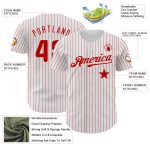Custom Red Star Baseball Jersey with Personalized Name & Number - Authentic White Red Pinstripe Design Personalized White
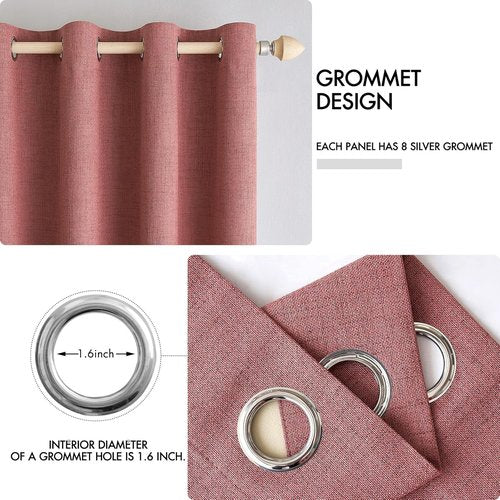 MIULEE Blackout Linen Textured Curtains - Thermal Insulated Dusty Rose Drapes | Luxury Room Darkening 42 x 90 Inch (2 Panels)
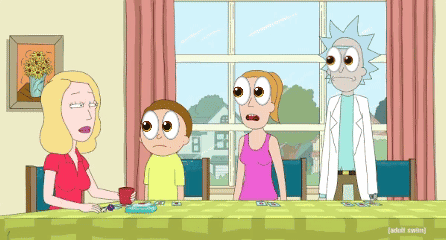 Rick and Morty Sitting at Table With Woman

_Brief_
Every line of the listing must be reproduced exactly, though the pictures are to be left out.

_Written response_
Custom Red Star Baseball Jersey with Personalized Name & Number - Authentic White Red Pinstripe Design Personalized White
 MIULEE Blackout Linen Textured Curtains - Thermal Insulated Dusty Rose Drapes | Luxury Room Darkening 42 x 90 Inch (2 Panels)
 Rick and Morty Sitting at Table With Woman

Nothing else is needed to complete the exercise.